A groundbreaking study by the University of Southern Queensland has shed light on this alarming trend. Changes in the prevalence of dementia in Australia and its association with geographic remoteness study , led by PhD student Rezwanul Haque, found that city residents have a 1.12 times higher likelihood of developing dementia, compared with those in rural areas. 

Statistics from the study are concerning. Between 2015 and 2018, the overall prevalence of dementia in Australia rose from 0.84% to 0.89%. More strikingly, in major cities, dementia cases reached 5590 per 100,000 people in 2018, an 11% increase from 2015. 

In stark contrast, dementia cases in outer regional and remote areas decreased by 21% during the same period.

Why city dwellers are more likely to develop dementia

The study’s co-author, Professor Khorshed Alam, suggests that environmental factors play a significant role in the city numbers. 

“Earlier research identified chronic noise exposure, air pollution and a paucity of green space as probable risk factors for cognition reduction, which are more prevalent in metropolitan areas,” he said.

Professor Alam emphasised the importance of our politicians to take these findings into consideration and to take action.

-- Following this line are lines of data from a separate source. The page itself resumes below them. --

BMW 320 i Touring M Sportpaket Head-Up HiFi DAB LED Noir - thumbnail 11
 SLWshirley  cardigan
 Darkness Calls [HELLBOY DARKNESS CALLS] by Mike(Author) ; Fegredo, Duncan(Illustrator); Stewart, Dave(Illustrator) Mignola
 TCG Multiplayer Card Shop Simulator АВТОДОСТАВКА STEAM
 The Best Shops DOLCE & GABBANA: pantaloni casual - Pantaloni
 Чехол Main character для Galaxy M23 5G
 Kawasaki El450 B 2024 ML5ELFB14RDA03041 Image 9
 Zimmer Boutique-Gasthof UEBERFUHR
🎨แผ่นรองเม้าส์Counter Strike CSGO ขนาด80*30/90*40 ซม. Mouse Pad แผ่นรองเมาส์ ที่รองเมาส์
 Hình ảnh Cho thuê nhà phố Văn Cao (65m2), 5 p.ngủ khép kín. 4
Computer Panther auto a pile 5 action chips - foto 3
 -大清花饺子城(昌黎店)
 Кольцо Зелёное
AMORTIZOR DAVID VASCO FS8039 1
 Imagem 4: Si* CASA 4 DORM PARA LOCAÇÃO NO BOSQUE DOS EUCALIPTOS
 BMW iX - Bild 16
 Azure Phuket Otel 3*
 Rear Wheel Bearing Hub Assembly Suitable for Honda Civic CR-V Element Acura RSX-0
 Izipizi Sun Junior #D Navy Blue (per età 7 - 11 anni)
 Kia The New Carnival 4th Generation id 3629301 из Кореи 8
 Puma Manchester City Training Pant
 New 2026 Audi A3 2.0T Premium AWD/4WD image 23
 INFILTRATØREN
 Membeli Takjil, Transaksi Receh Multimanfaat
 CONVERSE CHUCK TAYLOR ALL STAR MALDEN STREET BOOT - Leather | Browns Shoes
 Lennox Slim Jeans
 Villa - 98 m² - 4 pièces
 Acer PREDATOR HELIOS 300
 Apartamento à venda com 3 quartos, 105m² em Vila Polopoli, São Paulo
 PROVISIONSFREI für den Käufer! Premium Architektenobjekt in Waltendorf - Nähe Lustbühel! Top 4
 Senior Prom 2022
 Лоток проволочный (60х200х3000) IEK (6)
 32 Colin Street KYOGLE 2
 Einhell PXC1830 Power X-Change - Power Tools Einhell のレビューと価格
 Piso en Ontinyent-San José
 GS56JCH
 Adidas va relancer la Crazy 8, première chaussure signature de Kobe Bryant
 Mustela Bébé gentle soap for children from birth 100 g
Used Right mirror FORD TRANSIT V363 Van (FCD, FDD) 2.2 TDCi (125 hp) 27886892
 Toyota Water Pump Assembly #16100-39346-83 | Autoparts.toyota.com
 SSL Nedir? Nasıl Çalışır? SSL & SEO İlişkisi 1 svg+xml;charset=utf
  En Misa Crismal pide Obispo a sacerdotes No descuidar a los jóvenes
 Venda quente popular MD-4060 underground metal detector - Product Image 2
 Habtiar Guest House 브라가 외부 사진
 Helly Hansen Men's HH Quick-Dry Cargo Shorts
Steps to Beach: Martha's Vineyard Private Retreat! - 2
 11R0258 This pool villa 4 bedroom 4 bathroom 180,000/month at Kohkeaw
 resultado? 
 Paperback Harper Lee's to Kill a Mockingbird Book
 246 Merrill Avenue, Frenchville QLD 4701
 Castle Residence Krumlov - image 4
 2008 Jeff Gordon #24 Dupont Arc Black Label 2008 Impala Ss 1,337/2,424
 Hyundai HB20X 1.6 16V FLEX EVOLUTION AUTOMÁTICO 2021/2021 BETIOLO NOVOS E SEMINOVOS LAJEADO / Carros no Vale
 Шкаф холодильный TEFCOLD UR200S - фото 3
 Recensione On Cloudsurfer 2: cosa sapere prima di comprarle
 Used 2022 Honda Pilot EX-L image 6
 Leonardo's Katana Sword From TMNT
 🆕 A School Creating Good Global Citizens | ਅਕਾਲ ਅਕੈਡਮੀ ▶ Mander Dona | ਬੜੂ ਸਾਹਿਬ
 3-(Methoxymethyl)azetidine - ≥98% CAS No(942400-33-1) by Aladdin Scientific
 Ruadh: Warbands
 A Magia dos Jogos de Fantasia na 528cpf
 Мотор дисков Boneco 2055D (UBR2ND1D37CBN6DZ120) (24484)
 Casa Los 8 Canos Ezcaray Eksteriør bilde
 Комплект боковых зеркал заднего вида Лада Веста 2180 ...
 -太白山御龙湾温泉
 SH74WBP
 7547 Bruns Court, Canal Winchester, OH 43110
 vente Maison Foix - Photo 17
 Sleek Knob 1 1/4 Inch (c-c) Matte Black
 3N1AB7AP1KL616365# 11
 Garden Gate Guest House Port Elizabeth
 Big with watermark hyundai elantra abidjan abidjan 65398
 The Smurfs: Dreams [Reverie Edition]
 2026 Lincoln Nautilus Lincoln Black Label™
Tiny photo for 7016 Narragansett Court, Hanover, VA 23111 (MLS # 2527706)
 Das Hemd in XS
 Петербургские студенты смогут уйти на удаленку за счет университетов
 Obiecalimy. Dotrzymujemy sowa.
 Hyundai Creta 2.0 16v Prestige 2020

“Green spaces and increasing the number of urban trees could lower dementia risk by encouraging physical activity, social interaction, and network building while simultaneously reducing exposure to air pollution,” he said.

“Councils could develop standalone urban forest strategies or integrate the conservation of urban forests into municipal strategic planning statements to ensure that residents and communities have healthier environments.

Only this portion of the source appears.